CEO Jen Boyles on entrepreneurship: Interview

In honor of National Entrepreneurship Week and JBD’s 6th birthday, we sat down with founder Jen Boyles for a conversation that explores her insights and experiences building JBD into the thriving collaborative it is today.

What inspired you to become an entrepreneur?

I’ll just be really honest and say it was hard to have entrepreneurial qualities in the highly patriarchal industries of media, marketing and advertising. Coming to advertising from journalism at the start of the “content is king” era, I saw a lot of missed opportunities that were skipped only because “that’s just not the way we usually do things.” I hate that sentiment - that doesn’t make real, transformative, lasting change for the better. So, in a nutshell, I wanted to do things in a more sensible way without all the red tape that’s there “just because.”

What’s your secret weapon for overcoming challenges?

This industry is all about solving challenges. Brands come to us not because they have it all figured out — they have a challenge to meet in the market that could benefit from outside expert perspective.

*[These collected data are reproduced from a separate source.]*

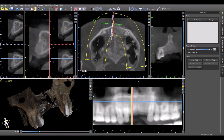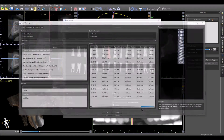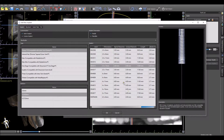Blue Sky Plan now allows an implant to be placed together with the virtual tooth, essentially creating the possibility to treatment plan the case by placing virtual teeth. Select Add Tooth to add a virtual tooth. Click on the correct tooth which you would like to place, the overall size — small, medium, and large — and then select the relevant implant from the implant list.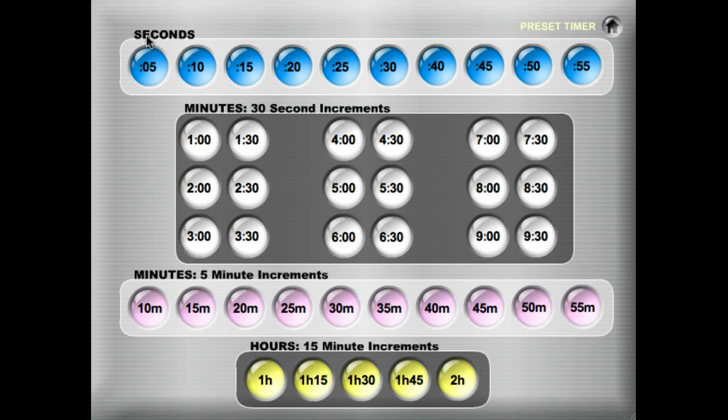The times are separated into groups to make it easier to find what time you're looking for. So the blue group here across the top is seconds from 5 seconds up to 55 seconds.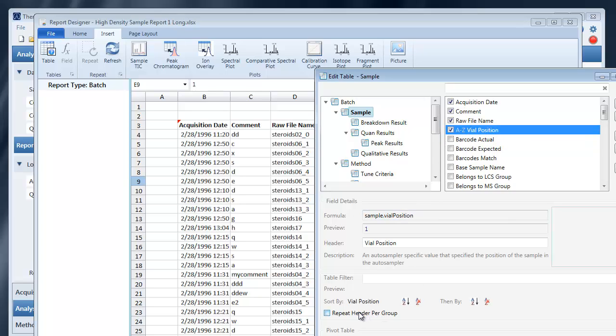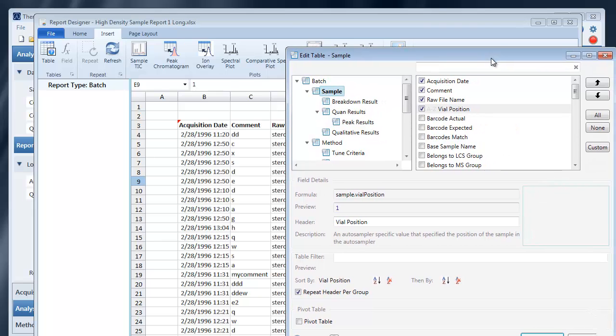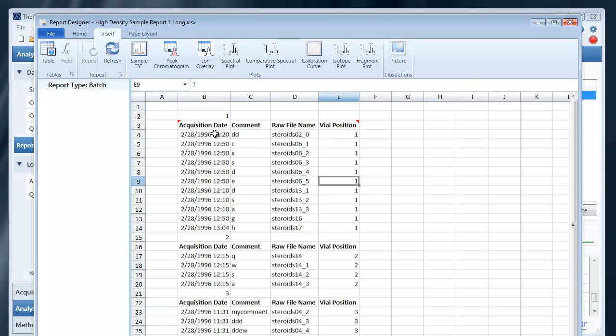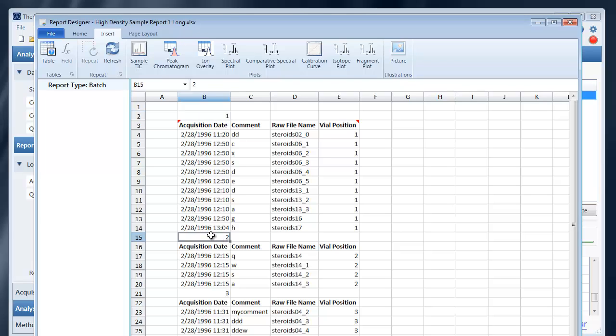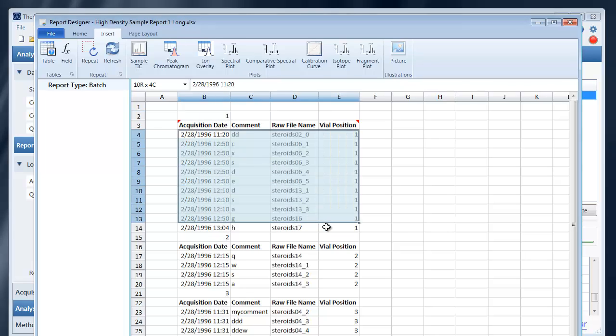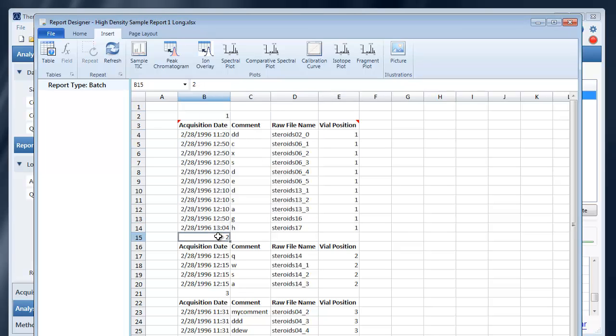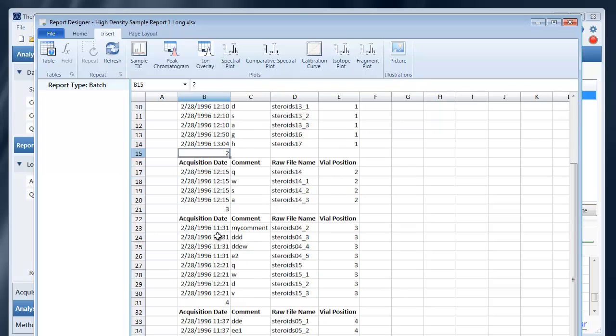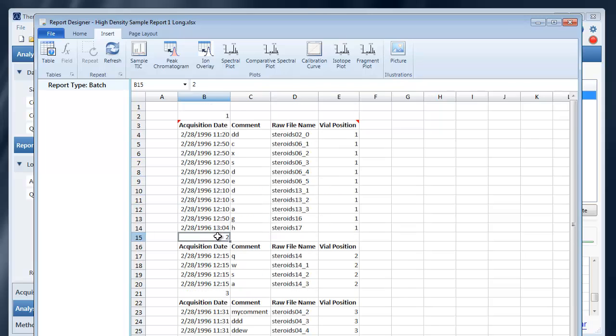And you'll get this A through Z text when you're sorting by that column. You can also choose to repeat the header per group. For example, we're grouping on the, we're sorting and grouping by the vial position, and so all the samples with vial position one are displayed here with the header for that group displayed above of each section.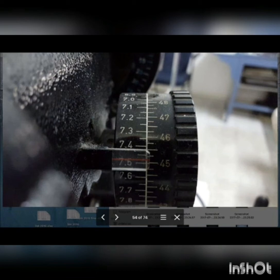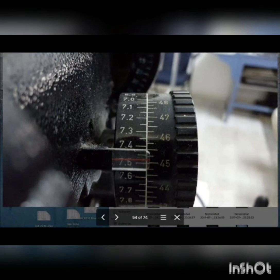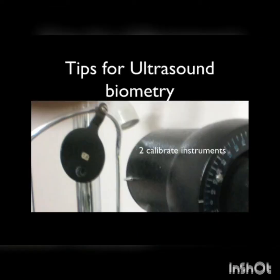Here we see a picture of a keratometer and you can see the red line is slightly above the 45 diopter mark. Usually we would note this down as 45, but to be more accurate — although it's not close to the quarter mark, not close to 45.25 — we have to note this down as 45.1. These small steps will make our biometry more accurate.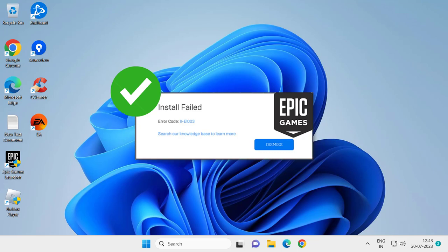Hello guys, welcome to my channel. Today we are going to see how to fix Epic Games installation error. Let's fix it.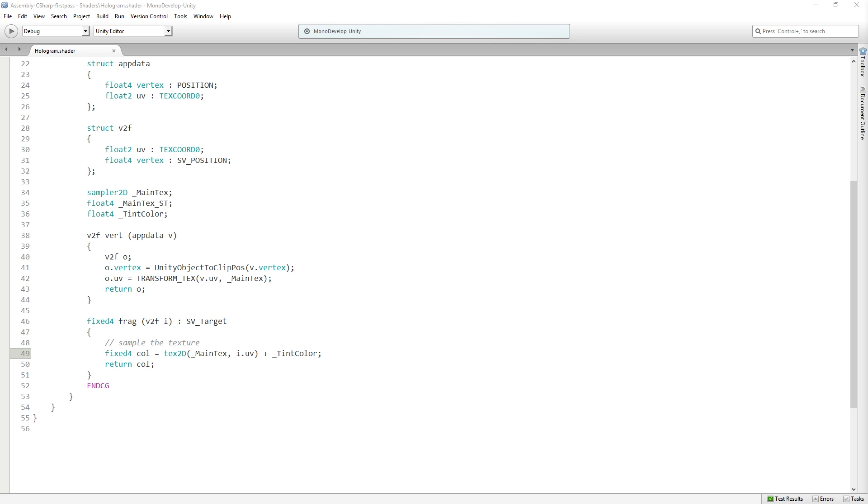So not, you know, super complicated but getting us started modifying this default shader. The next thing that we're gonna do is we are going to make this transparent and we're gonna do that in the next segment.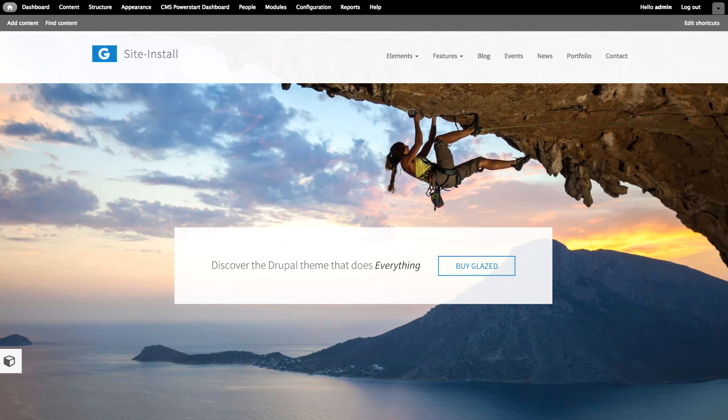Hi. I'm going to show you how to build a beautiful, mobile-friendly Drupal website using the glazed drag-and-drop theme without writing a single line of code.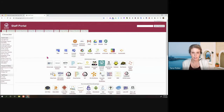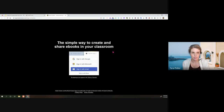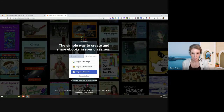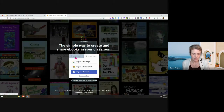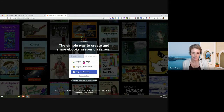Here we are in the staff portal. The first thing we're going to do is look for the Book Creator icon — it's the rainbow-looking one, the exact same icon found in both student portals as well. I'll go ahead and click on it. It brings you to a sign-in page. Because I'm from the staff portal, it defaults to teacher sign-in. You always want to sign in as a teacher if you are a teacher, and then select 'Sign in with Google.'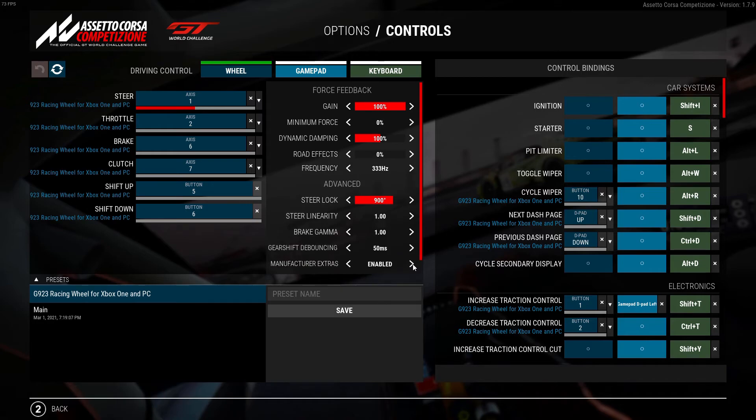Once you have finished customizing your Logitech G racing wheels controls, ensure that you save your work by creating a preset.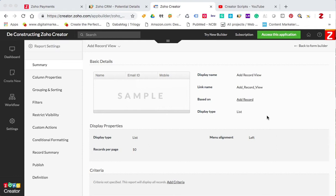Hello everyone. In today's video I'm going to show you how you can push a record into multiple forms. Sometimes our viewers have the need to push a record into different places, so I'm going to show you how to do this.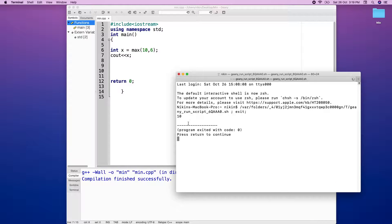If you want to compare 10 and 6, and print the highest value, you can print that value. If you want to store that value, you can also store and print it.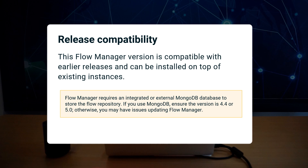This version is compatible with earlier releases and can be installed on top of existing Flow Manager instances. Note that Flow Manager requires a database to store the Flow repository. If you are using MongoDB, check that the version is 4.4 or 5.0, especially before performing an update.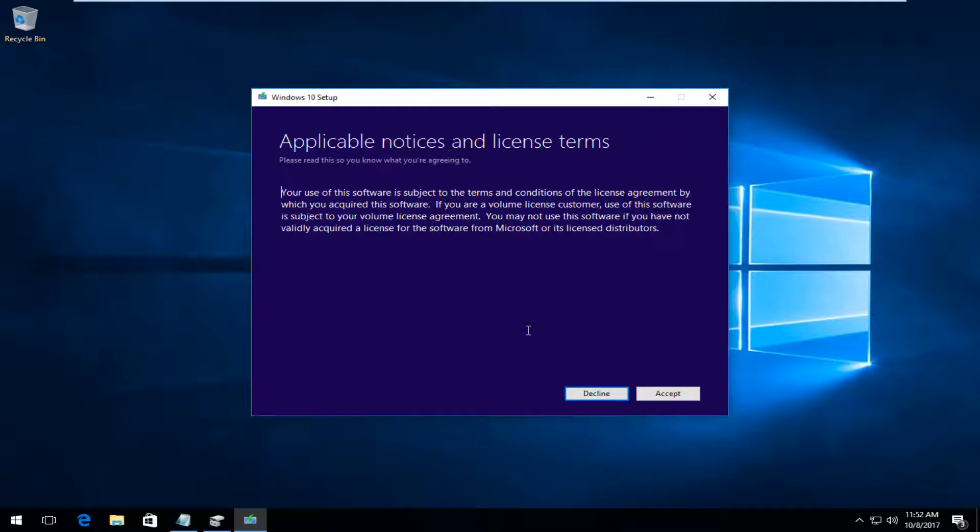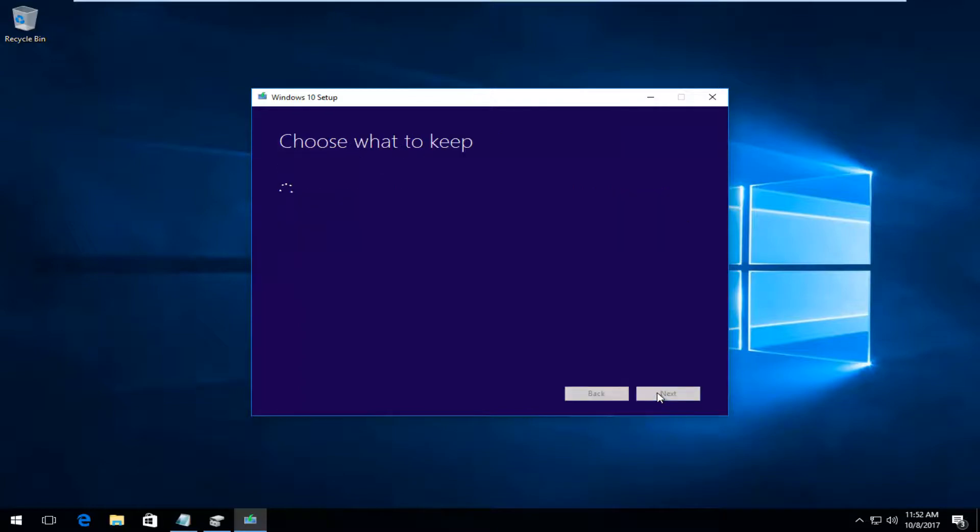Okay, so for the applicable notices and license terms, you want to accept the terms.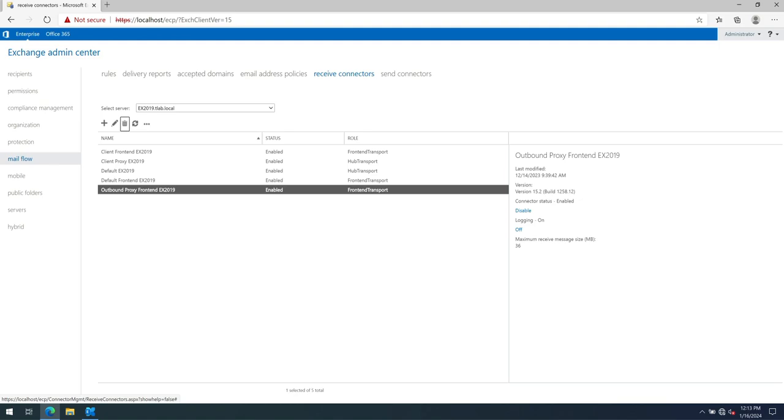My name is Ed and in this video we're going to be looking at copying our received connectors from Exchange 2013 to Exchange 2019 as part of our coexistence migration series and this is part 15.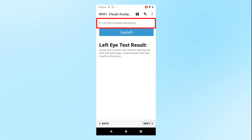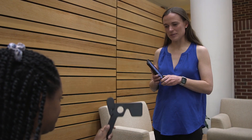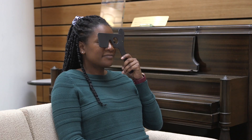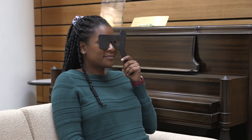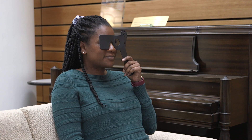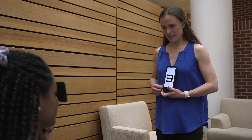Confirm that the page says Left Eye Contrast Sensitivity at the top and press Launch to begin the next screening. Instruct the participant to now cover their right eye with the occluder so they are only using their left eye to see through the large hole. Hold the phone at the participant's eye level and repeat the same steps to conduct the screening with the left eye.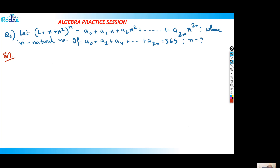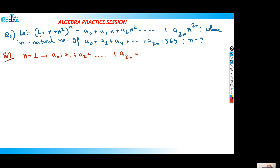So let's say I'll put different values of x. I'll put x equal to 1, because at x equal to 1, all the coefficients a₀, a₁, a₂ remain the same and it won't affect my final terms. So if I put x equal to 1, I'll get a₀ + a₁ + a₂ + ... + a₂ₙ equal to (1 + 1 + 1²) raised to n, that is 3 raised to n.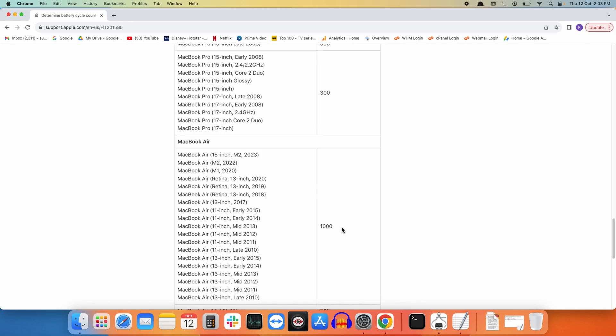This is how you can identify the battery health for your MacBook. That's it for now. I hope this brief tutorial helped you out. Please like this video and for more updates on macOS, please subscribe to our channel. Till next time, goodbye.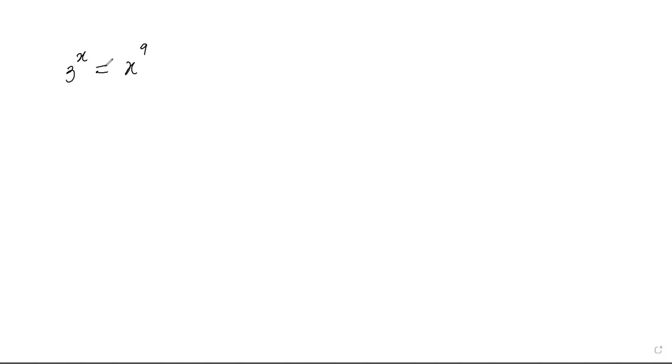All right viewers, how do we simplify this exponential equation? I'm going to walk you through the whole process one step at a time.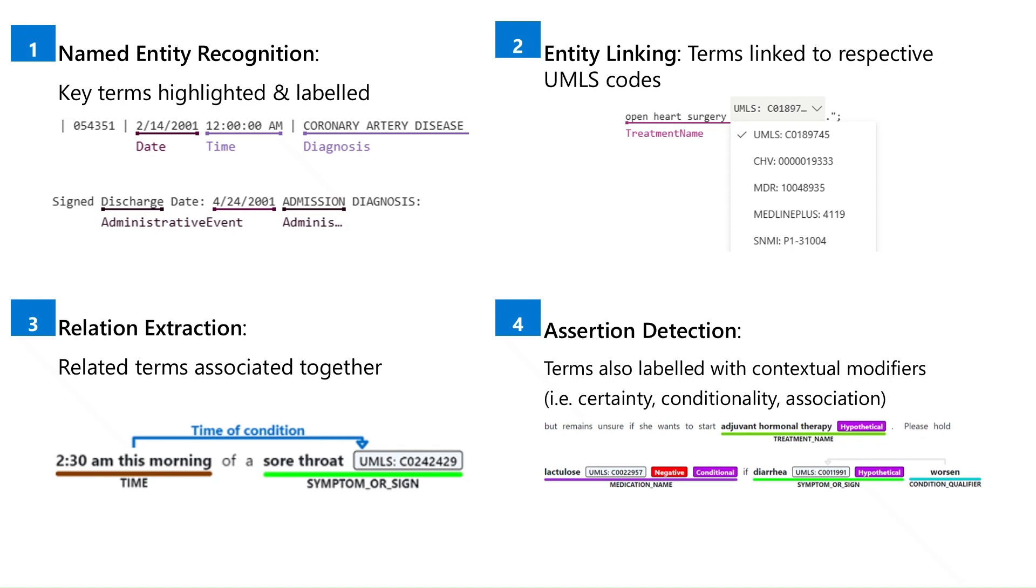TA4H contains four key functions. The named entity recognition function highlights and labels key terms from input text such as diagnosis, symptom and treatment.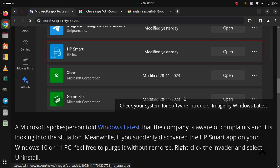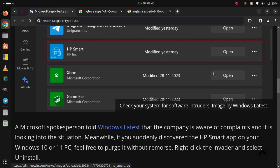if you suddenly discovered the HP Smart app on your Windows 10 or 11 PC, feel free to purge it without remorse. Right-click the invader and select Uninstall.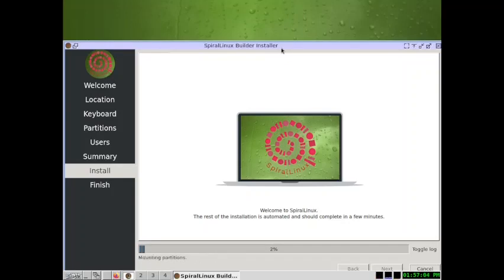We've already seen the GNOME desktop, so we will try installing and checking out a different desktop in the third video. This is the first video. The second video will cover the actual desktop installation, and the third video will be a review of the installed desktop — giving you a good idea of the expert install method of Spiral Linux.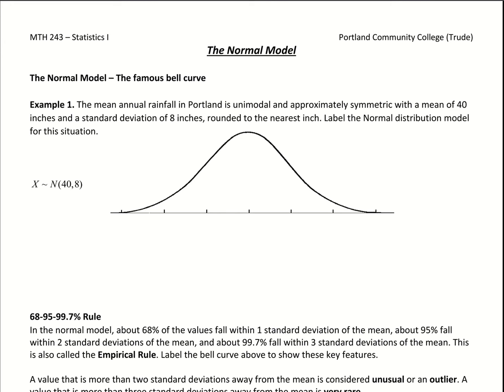Here we're going to look at probabilities using the normal model. The normal model comes through when we're working with a continuous number line. With discrete random variables, we have discrete outcomes and can only get certain numbers out. Now we're working with a continuous number line, which means we could look at any value, maybe 23 or maybe 23.789.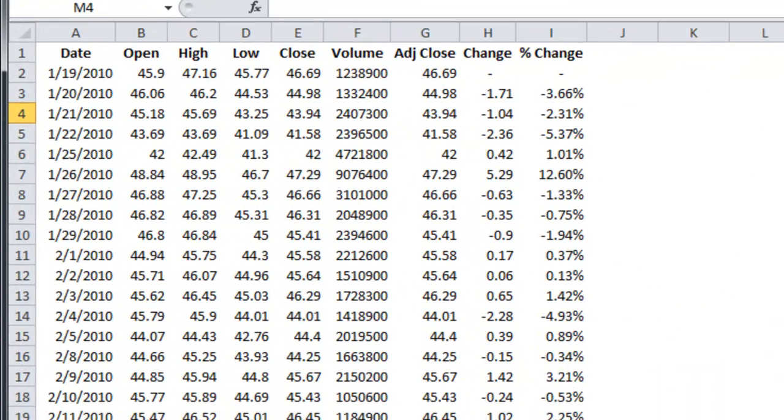Essentially, the data collector is a web scraper powered by VBA that fills out a form on Yahoo! Finance to pull historical stock prices into Excel via a CSV file.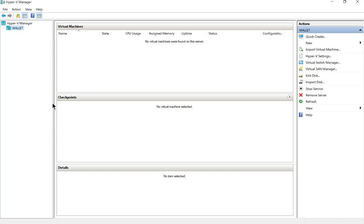In a previous video we installed Hyper-V on Windows 10, so go to the playlist if you missed that. Let's go ahead and install our first Hyper-V virtual machine.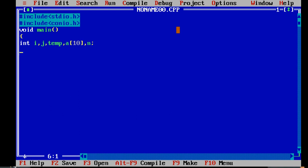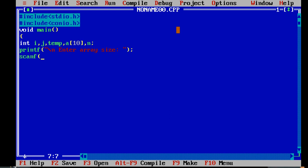Now get the array size from the user and store it in n. Then get the elements of the array from the user and store it in a of i.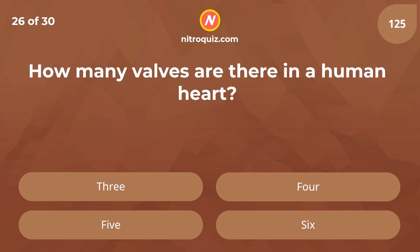How many valves are there in the human heart? Answer is 4.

So we problem-solve at JBD every single day. The secret sauce is really simple but not easy: Never give up. If you look at every angle, usually the overlooked one is most human. The answer’s in tapping into our humanity and leading with that, even when it’s difficult or expensive.


-What’s the most unexpected skill or talent you've discovered within yourself through the process of building JBD?

One of our partners said, “you are the best new business person I’ve ever met” one day, and after I finished choking on my granola bar I realized I’m pretty good at selling in new work. The key is to always be honest and transparent about what you think the solution truly is — and be OK with them taking it or leaving it. No one likes a hard sell.

-How do you balance the demands of your professional life as an entrepreneur with your personal life, and what strategies have you found effective in maintaining that balance?

I’ve acutally always done this, even when it wasn’t popular in the corporate world to hold steadfast to boundaries. I say “no” a lot, even when it’s uncomfortable. The other day, I was asked me to hold an internal meeting on the weekend and I simply said “Sorry! I only take meetings on the weekdays.” and we figured it out, no issue. My mom taught me long ago that “there will always be more work” and I remember that every time my kid is calling me to go play Pokemon with him. Working from home makes those boundaries even more… interesting — and all the more necessary.


How do you envision the future of women in entrepreneurship, and what role do you hope to play in shaping that future?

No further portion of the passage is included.